Page MenuHomePhabricator

In SVG files larger than 256kB with <switch> elements, the translations are not recognized
Open, LowestPublicBUG REPORT

Description

Steps to Reproduce:
Take any SVG file with the first <switch> tag appearing after $wgSVGMetadataCutoff (256kB).

Actual Results:
no translations dropdown to choose

Expected Results:
translations dropdown to choose

Event Timeline

JoKalliauer created this task.

Due to performance reasons it might be the expected result to not check large SVGs till the end for <switch-tags.

Aklapper renamed this task from SVGs larger than 265kB wich switch-elements the translations are not regogniced to In SVG files larger than 256kB with <switch> elements, the translations are not recognized.Dec 29 2020, 9:54 AM
Aklapper updated the task description. (Show Details)

Two proposals: increase the number of bytes read or shift multilingual testing to upload time (when the file is read anyway).
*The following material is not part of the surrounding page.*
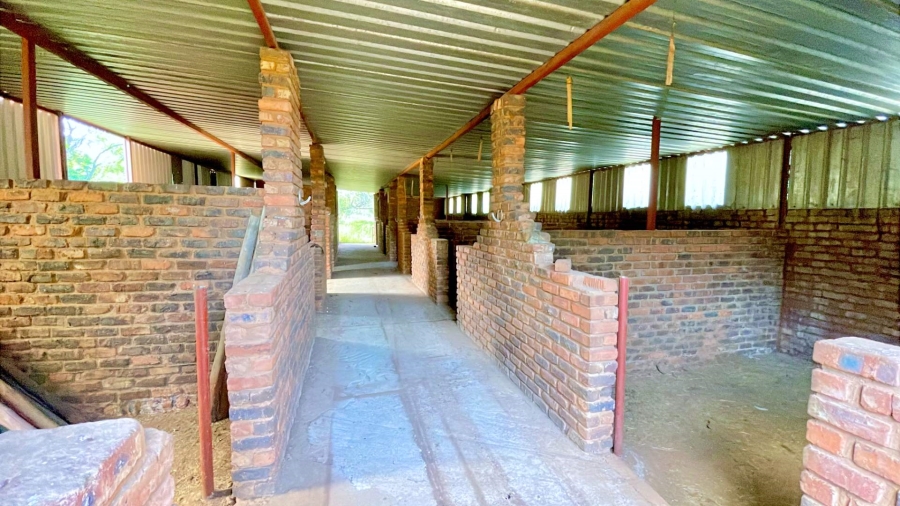 5 Bedroom Property for Sale in Kameeldrift West Gauteng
In T40010, Ponor looked at 30 SVG files and stated the mean file size was 700 kB. JoKalliauer stated that only about 500 SVG files are being uploaded every day. Johannes also says that SVGs are 2.8 percent of uploads.

SVG illustrations will be placing text on top of a drawing, so most text elements will be at the end of the file.
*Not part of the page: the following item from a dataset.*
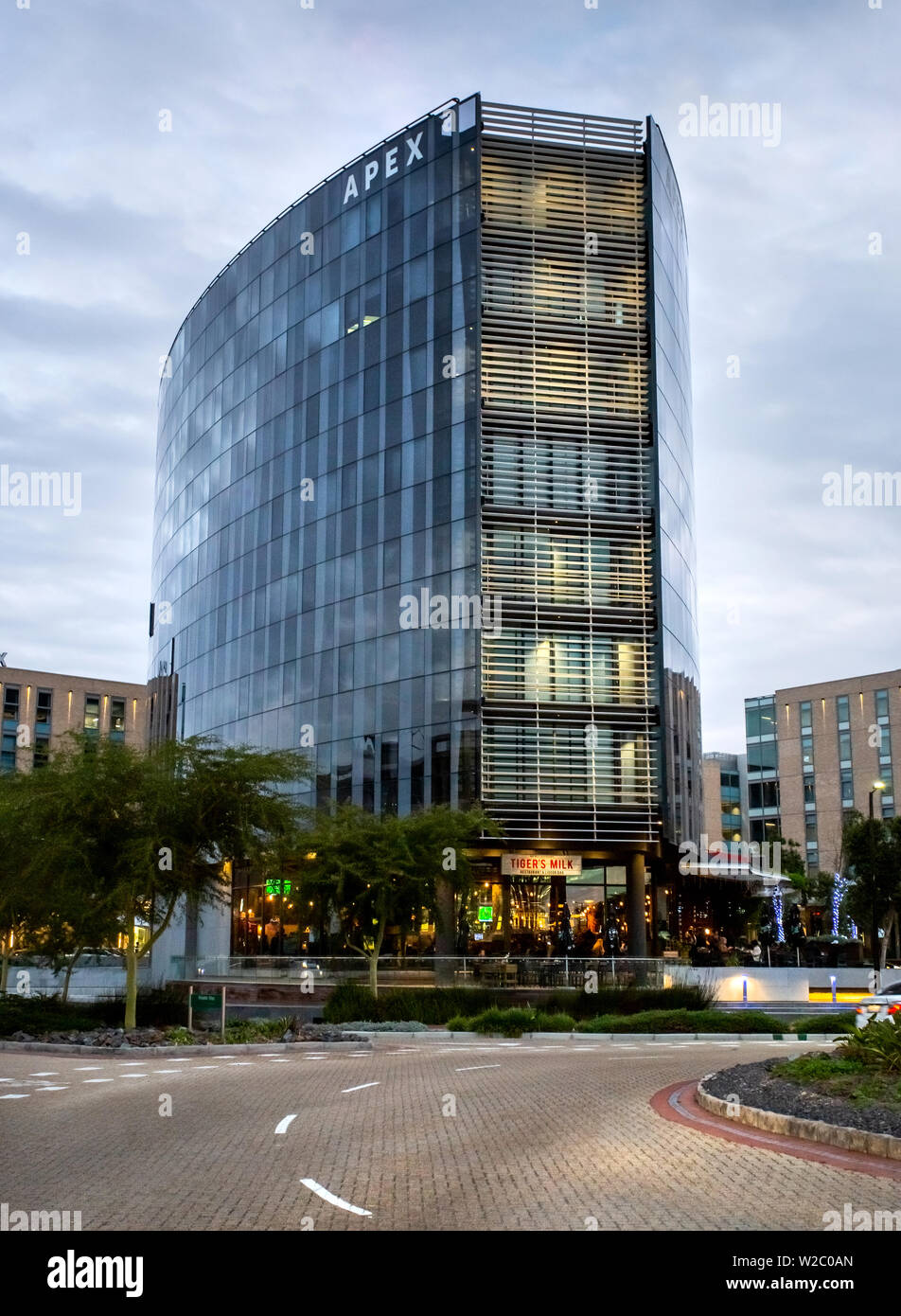 Kapstadt, Südafrika, 12. April 2019: moderne Büro- und Konferenz Gebäude mit Glasfassade. Stockfoto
At one point, SVG uploads were limited to 10 MB. I do not know if that limit is still in effect.

I do not know how long it takes for MW to parse an XML file.
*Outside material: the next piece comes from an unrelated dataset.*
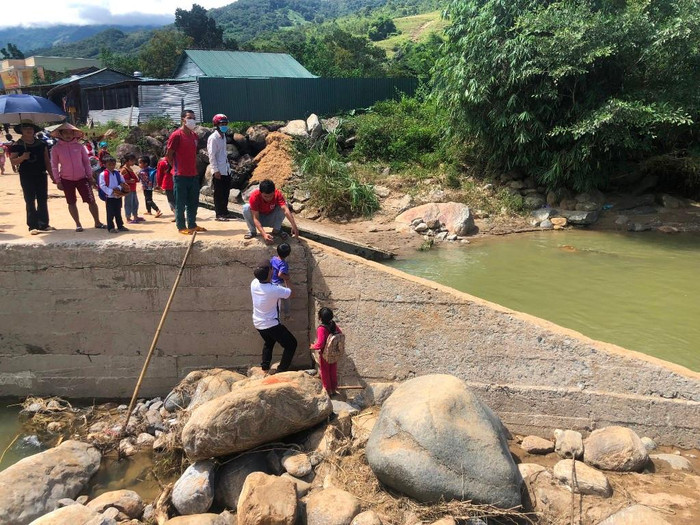 Mỗi ngày, các thầy phải bế hơn 200 học sinh qua suối. Ảnh: CTV Mỗi ngày, các thầy phải bế hơn 200 học sinh qua suối. Ảnh: CTV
  1. We might change $wgSVGMetadataCutoff to be 3 times the average SVG file, that is 2 MB. That should allow must SVG files to be read completely and therefore correctly processed. It means that reading humongous SVG files may take up to 8 times longer, but the average case should only be 3 times longer. (It will also take up to 1.7 MB more process memory, which may be a more stringent limitation).
  1. As I understand it, the SVG file is parsed every time a page built. I'd also believe the page must be read completely when it is uploaded. At upload, the SVG file could be scanned for systemLanguage attributes, and then an entry could be made in the database whether it is multilingual. If there were no language attributes, then a page build need not scan the file at all (it could get image width and height from the imageinfo database). If there were systemLanguage attributes, then it could scan the first 2 MB of the file (or even the entire file). Having such a flag may even decrease the SVG processing time if a small percentage of SVG files are multilingual.
  1. Alternatively, the database could include all the langtags discovered in at file upload, so the SVG file would not have to be reread to build a page.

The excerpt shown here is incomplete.